Sono Settimo Mineo, reggente del mandamento mafioso di Pagliarelli, Filippo Bisconti, reggente del mandamento mafioso di Misilmeri – Belmonte Mezzagno e Gregorio Di Giovanni, reggente del clan Porta Nuova, i capi della nuova Cupola di Cosa nostra. Emerge dall’inchiesta “Cupola 2.0” che ha portato al fermo di 46 tra boss, gregari ed estortori palermitani.
L’indagine, coordinata dalla Dda guidata da Francesco Lo Voi, ha svelato il tentativo di ricostituire la commissione provinciale ormai “in sonno” dai primi anni ’90. La commissione sarebbe tornata a riunirsi, come emerge dalle intercettazioni, alla presenza di altri “vecchi di paese”, e cioè di reggenti di mandamenti mafiosi esterni a Palermo, il 29 maggio scorso. Mineo sarebbe stato il capo, “il soggetto di maggior autorevolezza che aveva preso la parola durante la riunione e aveva chiesto a tutti gli intervenuti il rispetto delle regole spiegandone i contenuti e le modalità di esecuzione”, scrivono i magistrati nel provvedimento di fermo. A rivelarlo, non sapendo di essere intercettato, è il reggente del mandamento di Villabate Francesco Colletti che indica tra i padrini che contano Di Giovanni, detto “Revuccio” e Bisconti.
L’operazione di oggi ha sventato anche l’omicidio di un pregiudicato, “colpevole” di fare estorsioni senza l’autorizzazione di Cosa nostra, l’operazione della Dda Cupola 2.0 di Palermo che ha portato al fermo di 46 persone, tra cui 4 capimafia di rilievo, e alla scoperta della ricostituzione della “commissione provinciale”. Sono 28 i taglieggiamenti scoperti dai carabinieri che hanno effettuato l’indagine. Nove delle vittime hanno spontaneamente denunciato il racket del pizzo. Tra i settori presi di mira dagli estortori commercianti e imprenditori soprattutto nel settore delle costruzioni.

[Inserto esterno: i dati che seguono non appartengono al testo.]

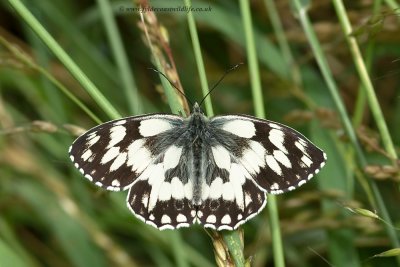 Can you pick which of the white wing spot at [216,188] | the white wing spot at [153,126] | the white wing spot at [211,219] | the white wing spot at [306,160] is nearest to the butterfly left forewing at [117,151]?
the white wing spot at [153,126]

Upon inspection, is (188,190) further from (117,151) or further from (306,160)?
(306,160)

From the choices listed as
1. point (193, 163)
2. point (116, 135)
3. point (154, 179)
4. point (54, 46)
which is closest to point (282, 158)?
point (193, 163)

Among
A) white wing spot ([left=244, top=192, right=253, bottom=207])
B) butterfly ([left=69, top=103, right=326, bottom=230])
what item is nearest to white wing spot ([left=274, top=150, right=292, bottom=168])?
butterfly ([left=69, top=103, right=326, bottom=230])

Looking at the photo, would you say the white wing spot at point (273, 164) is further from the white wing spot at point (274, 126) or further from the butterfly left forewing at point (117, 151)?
the butterfly left forewing at point (117, 151)

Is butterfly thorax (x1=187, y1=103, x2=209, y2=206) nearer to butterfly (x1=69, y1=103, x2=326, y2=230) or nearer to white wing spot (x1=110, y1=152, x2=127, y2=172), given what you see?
butterfly (x1=69, y1=103, x2=326, y2=230)

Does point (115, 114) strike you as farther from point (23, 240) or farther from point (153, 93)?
point (153, 93)

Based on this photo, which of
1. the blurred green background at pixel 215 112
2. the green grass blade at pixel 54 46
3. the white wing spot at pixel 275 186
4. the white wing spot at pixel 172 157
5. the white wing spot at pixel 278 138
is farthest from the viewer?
the blurred green background at pixel 215 112

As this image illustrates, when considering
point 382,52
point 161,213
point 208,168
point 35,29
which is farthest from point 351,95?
point 35,29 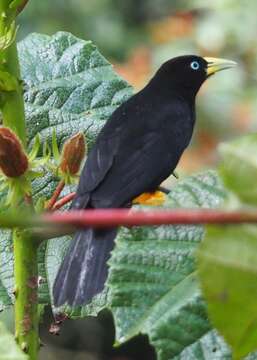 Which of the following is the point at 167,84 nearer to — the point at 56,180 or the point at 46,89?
the point at 46,89

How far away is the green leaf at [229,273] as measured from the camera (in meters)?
0.53

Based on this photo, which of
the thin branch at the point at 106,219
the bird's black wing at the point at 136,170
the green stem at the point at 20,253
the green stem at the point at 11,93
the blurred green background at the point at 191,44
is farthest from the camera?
the blurred green background at the point at 191,44

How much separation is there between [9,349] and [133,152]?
3.52 feet

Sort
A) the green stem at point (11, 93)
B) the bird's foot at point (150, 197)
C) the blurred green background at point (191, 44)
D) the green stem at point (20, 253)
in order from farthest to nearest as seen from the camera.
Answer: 1. the blurred green background at point (191, 44)
2. the bird's foot at point (150, 197)
3. the green stem at point (11, 93)
4. the green stem at point (20, 253)

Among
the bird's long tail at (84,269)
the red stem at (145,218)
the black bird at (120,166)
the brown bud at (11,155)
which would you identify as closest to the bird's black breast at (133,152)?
the black bird at (120,166)

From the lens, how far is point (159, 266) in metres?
1.02

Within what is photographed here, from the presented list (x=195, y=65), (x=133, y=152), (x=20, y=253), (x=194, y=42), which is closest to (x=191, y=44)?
(x=194, y=42)

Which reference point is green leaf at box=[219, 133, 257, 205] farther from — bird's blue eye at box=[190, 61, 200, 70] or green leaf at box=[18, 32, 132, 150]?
bird's blue eye at box=[190, 61, 200, 70]

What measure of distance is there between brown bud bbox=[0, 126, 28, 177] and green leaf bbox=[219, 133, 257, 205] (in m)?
0.48

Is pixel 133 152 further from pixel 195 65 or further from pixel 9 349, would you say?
pixel 9 349

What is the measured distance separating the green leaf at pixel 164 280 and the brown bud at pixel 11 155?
0.47 ft

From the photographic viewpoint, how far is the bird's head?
2.47 metres

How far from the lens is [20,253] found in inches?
42.8

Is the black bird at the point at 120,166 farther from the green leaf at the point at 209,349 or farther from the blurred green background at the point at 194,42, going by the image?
the blurred green background at the point at 194,42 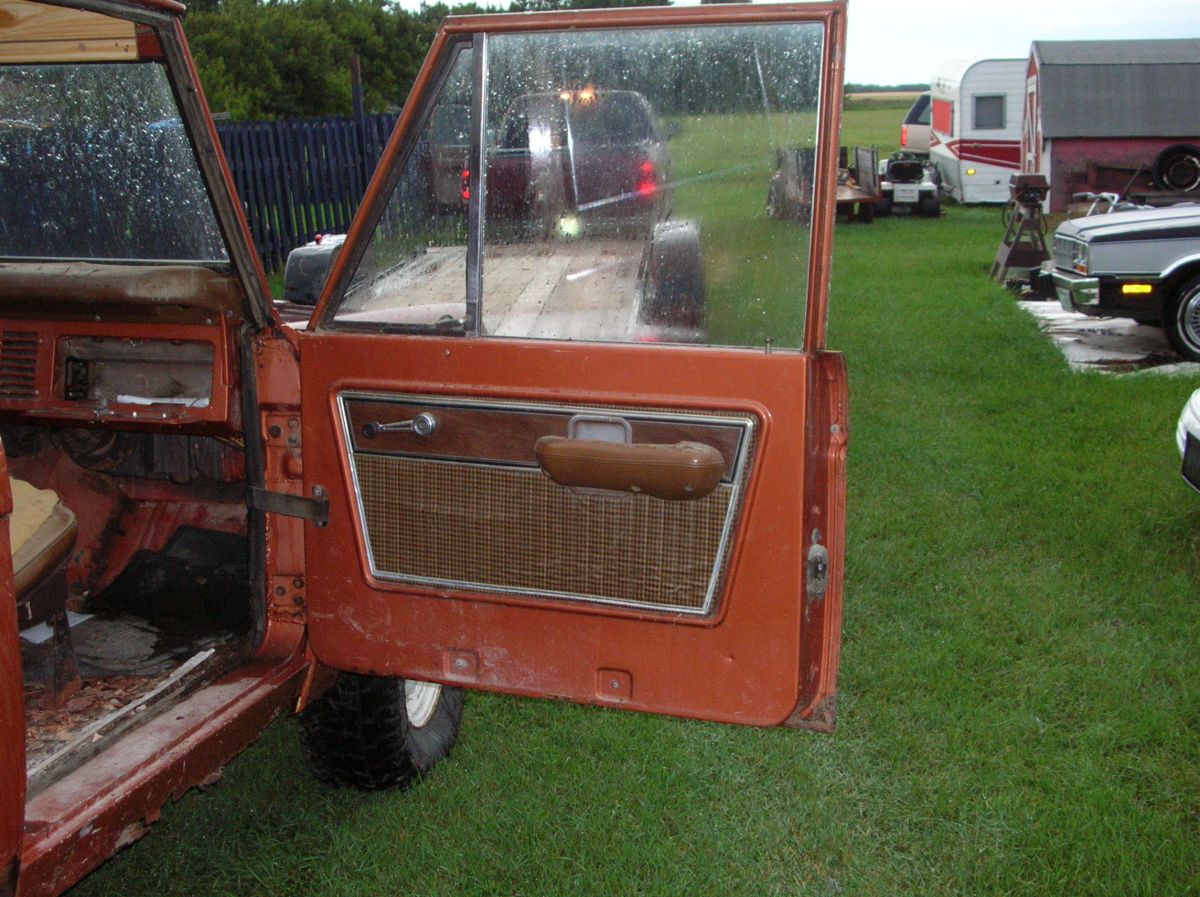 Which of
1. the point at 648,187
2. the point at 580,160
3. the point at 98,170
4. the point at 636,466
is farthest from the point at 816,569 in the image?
the point at 98,170

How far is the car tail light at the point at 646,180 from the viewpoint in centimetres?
244

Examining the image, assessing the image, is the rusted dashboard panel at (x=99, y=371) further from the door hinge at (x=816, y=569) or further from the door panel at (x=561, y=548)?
the door hinge at (x=816, y=569)

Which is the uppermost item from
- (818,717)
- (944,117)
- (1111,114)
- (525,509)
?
(944,117)

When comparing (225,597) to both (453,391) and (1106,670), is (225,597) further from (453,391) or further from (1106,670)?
(1106,670)

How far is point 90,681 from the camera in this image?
287 cm

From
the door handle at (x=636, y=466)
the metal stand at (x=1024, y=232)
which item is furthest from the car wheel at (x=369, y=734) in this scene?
the metal stand at (x=1024, y=232)

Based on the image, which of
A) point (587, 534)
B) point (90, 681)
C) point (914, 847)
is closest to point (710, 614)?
point (587, 534)

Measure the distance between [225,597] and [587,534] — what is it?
144 cm

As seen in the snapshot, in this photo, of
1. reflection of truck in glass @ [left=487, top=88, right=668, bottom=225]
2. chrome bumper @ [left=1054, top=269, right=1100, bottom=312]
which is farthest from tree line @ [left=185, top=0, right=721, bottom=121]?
reflection of truck in glass @ [left=487, top=88, right=668, bottom=225]

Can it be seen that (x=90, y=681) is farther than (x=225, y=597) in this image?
No

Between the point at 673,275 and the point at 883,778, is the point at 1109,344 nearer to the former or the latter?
the point at 883,778

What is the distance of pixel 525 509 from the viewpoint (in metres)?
2.49

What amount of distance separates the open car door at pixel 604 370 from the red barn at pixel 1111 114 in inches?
671

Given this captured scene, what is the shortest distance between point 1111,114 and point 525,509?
18.0 metres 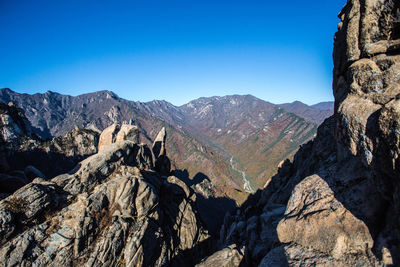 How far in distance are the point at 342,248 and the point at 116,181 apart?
28114 millimetres

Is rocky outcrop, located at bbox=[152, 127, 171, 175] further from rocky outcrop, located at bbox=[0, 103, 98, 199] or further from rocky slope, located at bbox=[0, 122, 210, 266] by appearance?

“Si è fatta comunque una bella cosa.. per me è una bella cosa questa.. molto seria… molto…con bella gente.. bella! grande! gente di paese.. gente vecchi gente di ovunque” dice il boss di Villabate Francesco Colletti, fermato oggi dalla dda di Palermo nell’ambito dell’inchiesta Cupola 2.0, non sapendo di essere intercettato parlava della rinata commissione provinciale di Cosa nostra, ricostituita dopo la morte del capomafia Totò Riina. Colletti raccontava ai suoi interlocutori che, durante la riunione del 29 maggio con gli altri capi dei clan, era stato stabilito che i contatti “intermandamentali” dovevano essere mantenuti esclusivamente dai reggenti per cui, in caso di problemi sorti all’interno di un mandamento, non potevano in alcun modo intervenire uomini d’onore appartenenti ad altra zona. “E una regola proprio la prima!… nessuno è autorizzato a poter parlare dentro la casa degli altri… siccome c’è un referente..”, diceva. Chi avesse violato la “norma” sarebbe stato allontanato dalla propria “famiglia” di appartenenza. “Dice basta che tu mi vieni qua da me e mi dici ‘lo sai è venuto uno ed è venuto a fare discorsi a Villabate… appena finiamo viene convocato… dal suo…e viene messo fuori perché ci spieghiamo le regole e non le vogliono capire… e allora prendiamo e lo mettiamo fuori subito”.